What they said: What we said

HIV/Aids and health

They say: G8 will “scale up” efforts to achieve the 2010 prevention, treatment and care target and provide “at least a projected $US60bn” over the “coming years” for AIDS and other diseases.

We say: A “smokescreen.” A hastily arranged big number to grab the headlines Current overseas development aid funding is about US14bn a year – whereas this announcement involves less than $12bn a year.

They say: “As an important step to scaling up access” the G8 pledges to work collectively “over the next few years” to provide AIDS treatment for “approximately 5 million people” in Africa

We say: A significant scaling back of the 2010 treatment target, given that the World Health Organisation and UNAIDS estimate that between 10-16m people will require treatment by 2010.

Climate Change

They say: New deal on climate change is a “breakthrough”

We say: The G8 consolidated some language and commitments made elsewhere, but failed to agree language on a specific cut in carbon emissions – the Germans had been pushing 50% by 2050 but the US resisted, promising only to “seriously consider” the proposal.
 
Overseas Aid

They say: G8 restated the Gleneagles pledge of an extra 50bn USD by 2010, with half of it going to Africa.

We say: There was no acknowledgement of the fact that the G8 is massively off track on reaching this goal (it fell short by $8bn in 2006 if double-counted debt relief is stripped out), nor any identification of the steps it must take to get back on track.

Trade

They say: Pushing Aid for trade and the $4bn package announced last year.

We say: Nothing new; in any case the real meaning of aid for trade is “we’ll give you aid if you liberalise your trade” – it is just greasing the skids of liberalisation.

Women's Rights

They say: Final communiqué talks about the political and economic empowerment of women, and “welcomes” the World Bank gender action plan.

We say: No specific commitment.

Investment 

They say: G8 presidency support for investment in Africa, including a “business leaders campaign” and “an investment conference aimed at improving Africa’s image as a continent of “opportunity.”

We say: It's all about making Africa good for investors; it totally dodges the need for  governments to impose tougher regulations on multi-national companies in order to ensure that investment will be good for Africa.

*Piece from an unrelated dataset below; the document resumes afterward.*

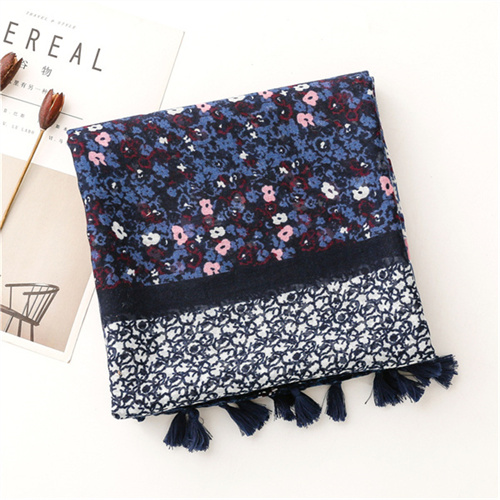 Dark Navy small Floral Cotton Linen scarf tourism fashion shawl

They say: We will encourage “sustainable investment through African private sector networks,” including the UN Global Compact, UN Principles for Responsible Investment and strengthen also mentions strengthening the Extractive Industries Transparency Initiative (EITI).

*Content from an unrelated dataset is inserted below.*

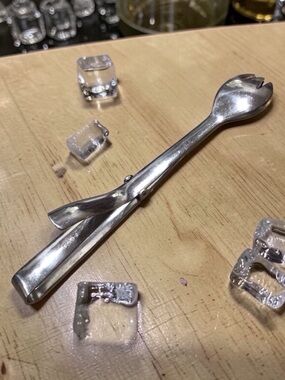 Vintage Nevco Ice Bucket Tongs Stainless Steel Japan 1960s MCM Barware Rare!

We say: Voluntary initiatives such as Global Compact and EITI don’t have the teeth to stop corporations violating the basic rights of poor people as ActionAid’s research and experience in Ghana and other countries shows.

Education

They say: Talk about the G8 continuing to work with, “partners and donors to meet shortfalls in all FTI endorsed countries, estimated by the FTI secretariat at around 500m USD for 2007.”

We say: The G8 has said something like this in every single communiqué since 2001 yet the shortfall is still there. No mention of removing the donor and IMF conditionalities that restrict govt spending on education especially on teacher salaries.

Overall

"Despite last-minute face-saving measures the G8 has failed its credibility test on Africa."